REQUIREMENT
Drop all images. Then write out each line below exactly as given.

SOURCE MATERIAL

***

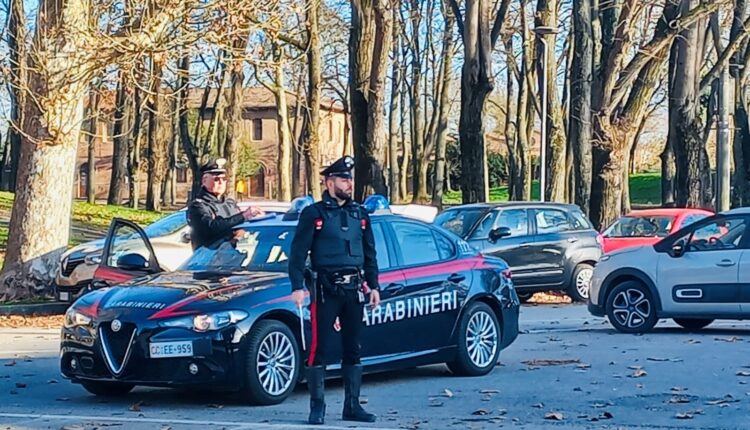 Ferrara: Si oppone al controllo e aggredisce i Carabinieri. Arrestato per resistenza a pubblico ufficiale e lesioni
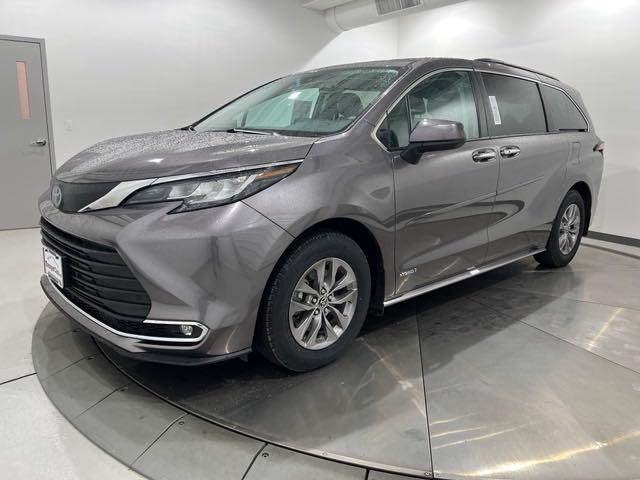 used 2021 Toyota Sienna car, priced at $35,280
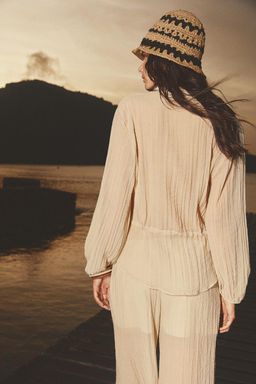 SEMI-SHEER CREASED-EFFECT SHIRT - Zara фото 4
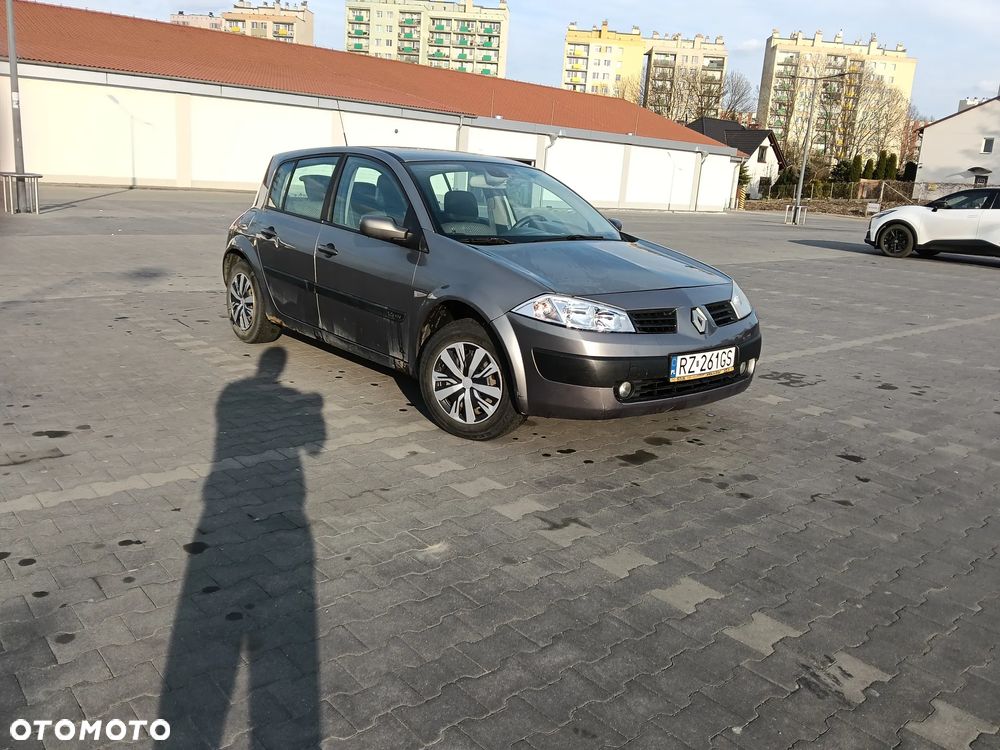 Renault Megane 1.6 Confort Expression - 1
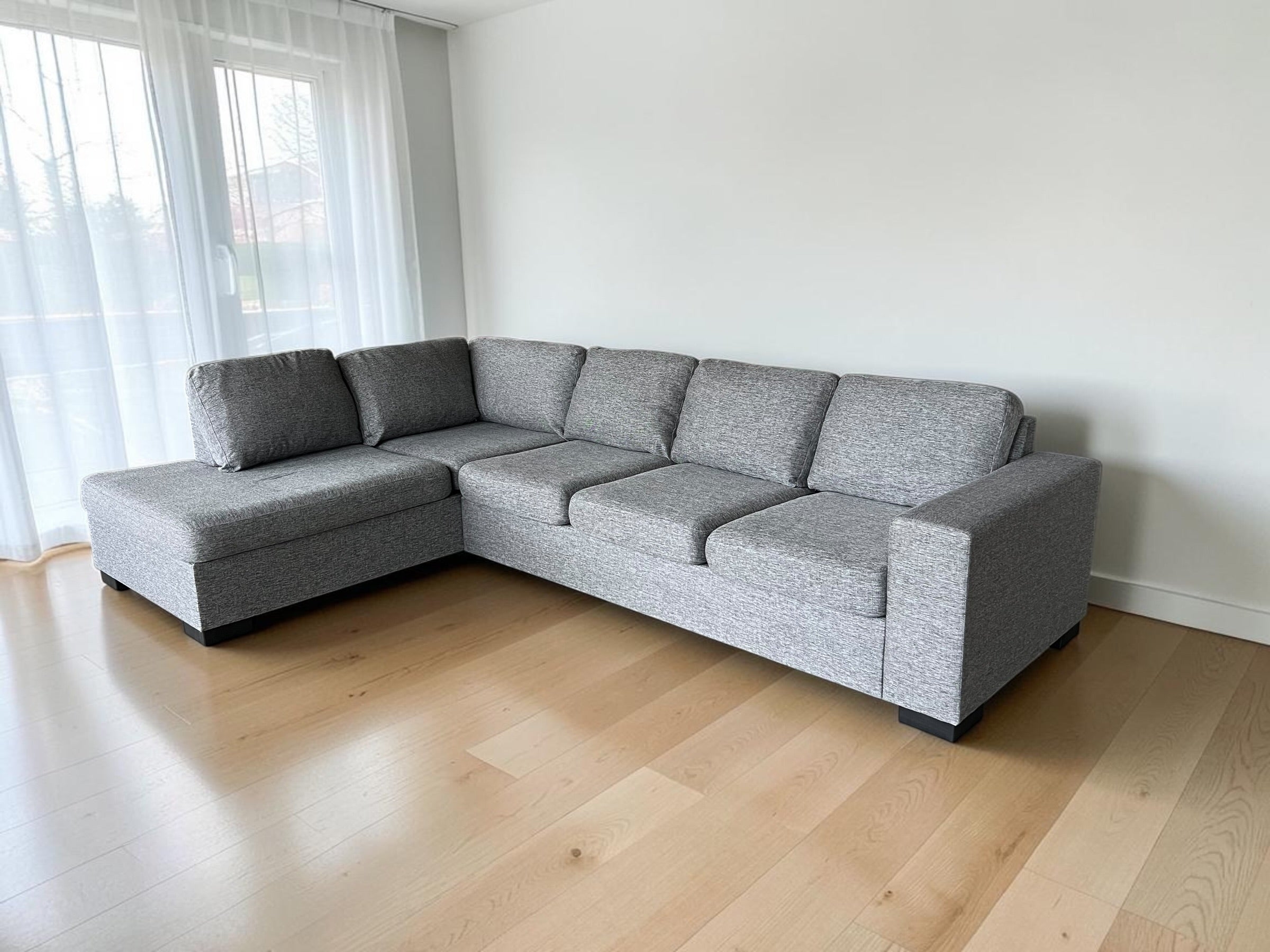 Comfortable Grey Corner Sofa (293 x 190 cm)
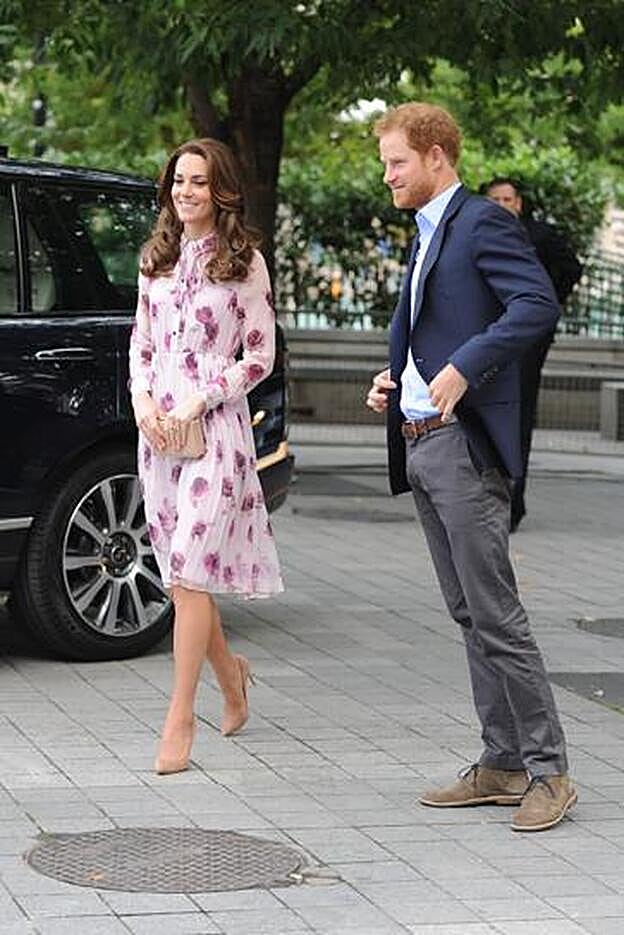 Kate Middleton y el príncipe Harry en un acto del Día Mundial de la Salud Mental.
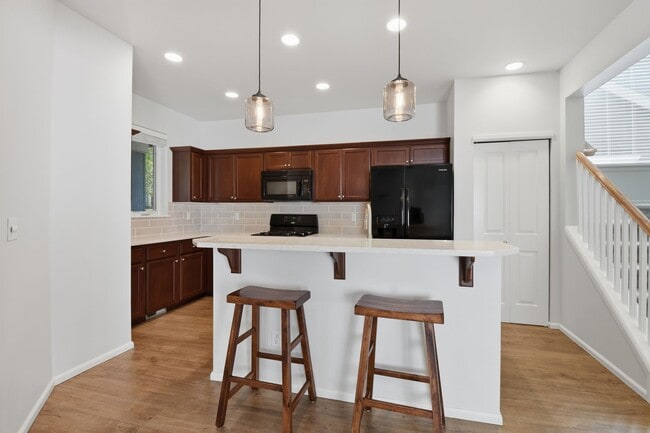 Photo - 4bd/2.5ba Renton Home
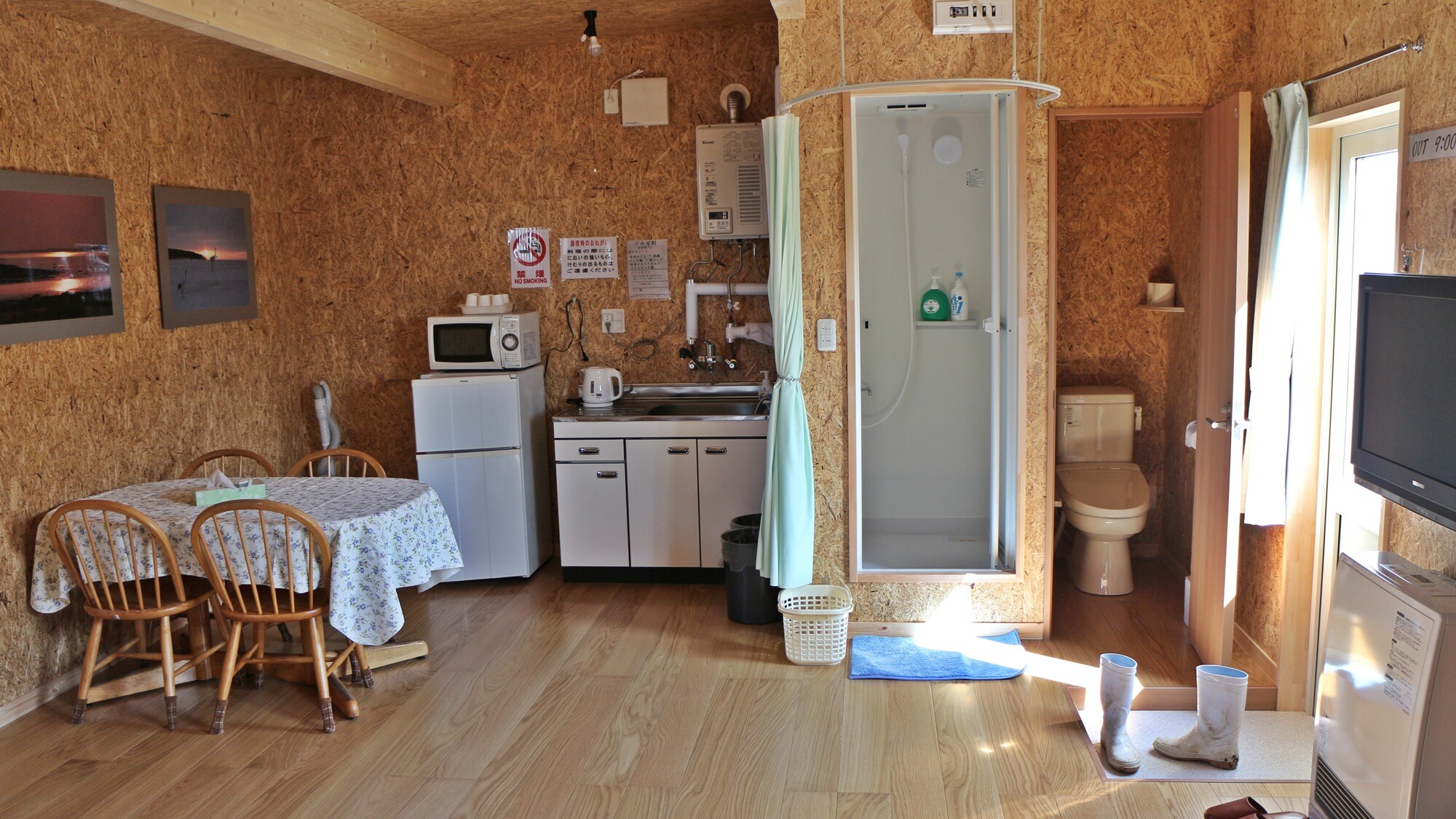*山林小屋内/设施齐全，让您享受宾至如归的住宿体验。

***

REPLY
 Ferrara: Si oppone al controllo e aggredisce i Carabinieri. Arrestato per resistenza a pubblico ufficiale e lesioni
 used 2021 Toyota Sienna car, priced at $35,280
 SEMI-SHEER CREASED-EFFECT SHIRT - Zara фото 4
 Renault Megane 1.6 Confort Expression - 1
 Comfortable Grey Corner Sofa (293 x 190 cm)
 Kate Middleton y el príncipe Harry en un acto del Día Mundial de la Salud Mental.
 Photo - 4bd/2.5ba Renton Home
*山林小屋内/设施齐全，让您享受宾至如归的住宿体验。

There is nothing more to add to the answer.